The later the auction, the higher the failure rate.
Polkadot's parachain slots will be sold through permissionless candle auctions, with some improvements made to this candle auction mechanism to ensure blockchain security.
Candle Auction Mechanism
A candle auction is a variant of an open ascending-price auction, where bidders submit increasingly higher bids, and the highest bidder at the end of the auction is considered the winner.
Candle auctions were originally used in the 16th century to sell ships, deriving their name from the "burning of a candle" that determined the auction’s opening period. When the flame went out and the candle extinguished, the auction would suddenly terminate, and the bidder active at that moment would win.

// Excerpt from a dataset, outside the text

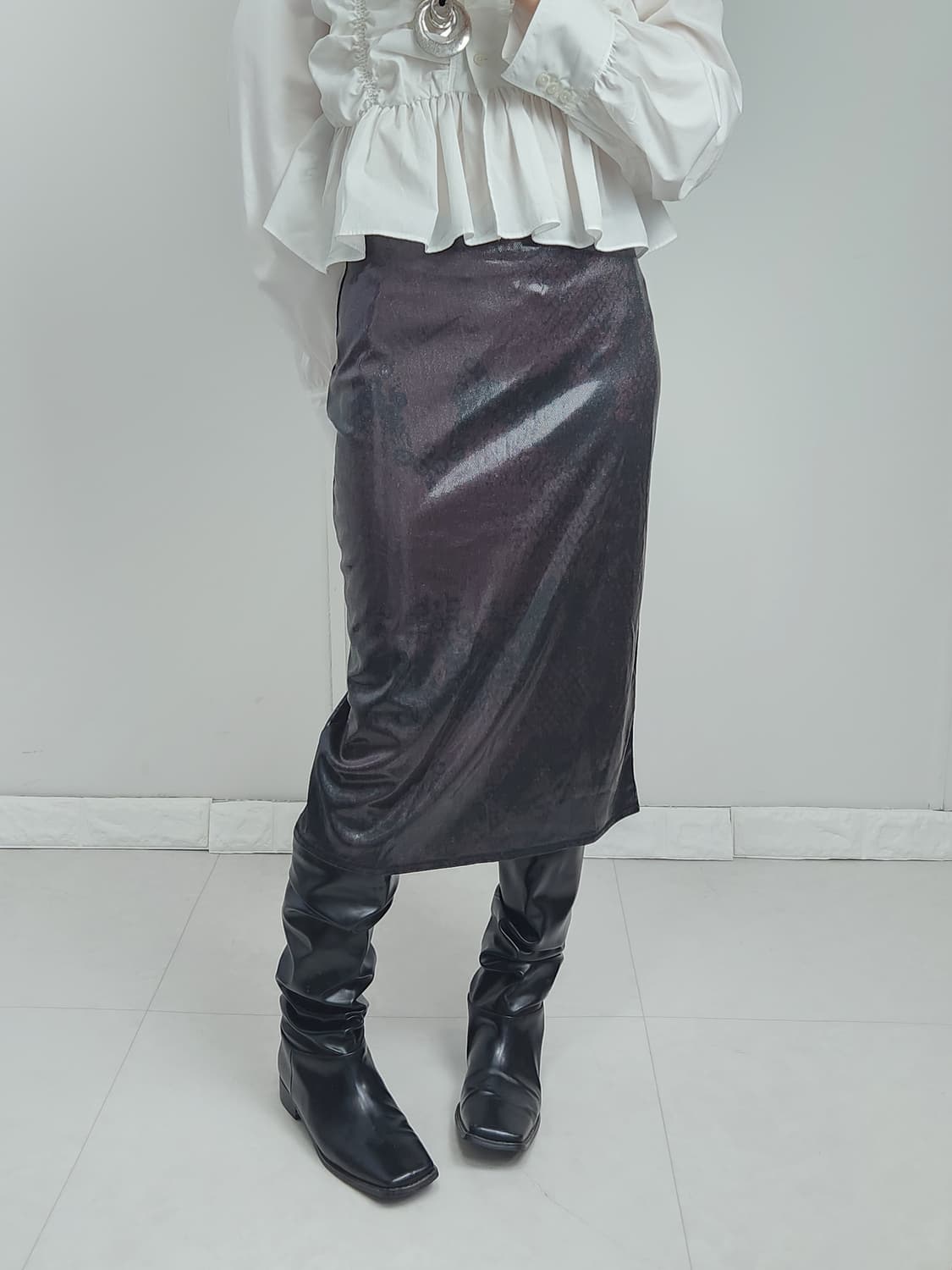 (made in france)글로시 패턴 스커트 상품이미지5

When implemented online, candle auctions require a random number to determine the termination time.
The parachain slot auction differs slightly from a traditional candle auction because it does not use randomness to determine the duration of its opening phase. Instead, it has a known open period, but at normal conclusion, the ending point is determined retroactively as having occurred at some earlier, randomly selected block. During the open phase, bids continue to be accepted, but later bids carry a higher risk of failure since the retroactively determined end block may precede the submission block.
Acala &Laminar Liang Ge explains: “At normal conclusion, the end is determined retroactively as having occurred at some past point” means that after the full auction period ends, a past block is randomly computed—this block marks the true cutoff time for the auction. However, this computation happens only after the entire process concludes, so no one can know in advance when the auction actually ended.
Why Use a Candle Auction?
The openness and transparency of blockchain systems expose auction mechanisms to attacks that do not exist in traditional auctions. Ordinary open auctions are especially vulnerable to manipulation when conducted over the internet or on blockchains.
An auction attack occurs when bidders delay placing bids until the last moment, hoping to win at a price below the item’s true value.
For example, Alice might value an item at $30. She starts with a $10 bid, intending to incrementally increase her offer only if necessary, stopping once she exceeds $30. Another bidder, Eve, values the same item at $11 and plans to wait until the final second to place her $11 bid. Before Alice can respond, the auction ends, and she loses the item. This mechanism is suboptimal—it fails to discover the item’s true market value and does not allocate the item to the person who values it most.
On blockchains, the problem can be worse, as block producers may exploit their position by inserting or censoring bids in the final blocks to manipulate outcomes. Malicious bidders or validators could collude to harm honest participants.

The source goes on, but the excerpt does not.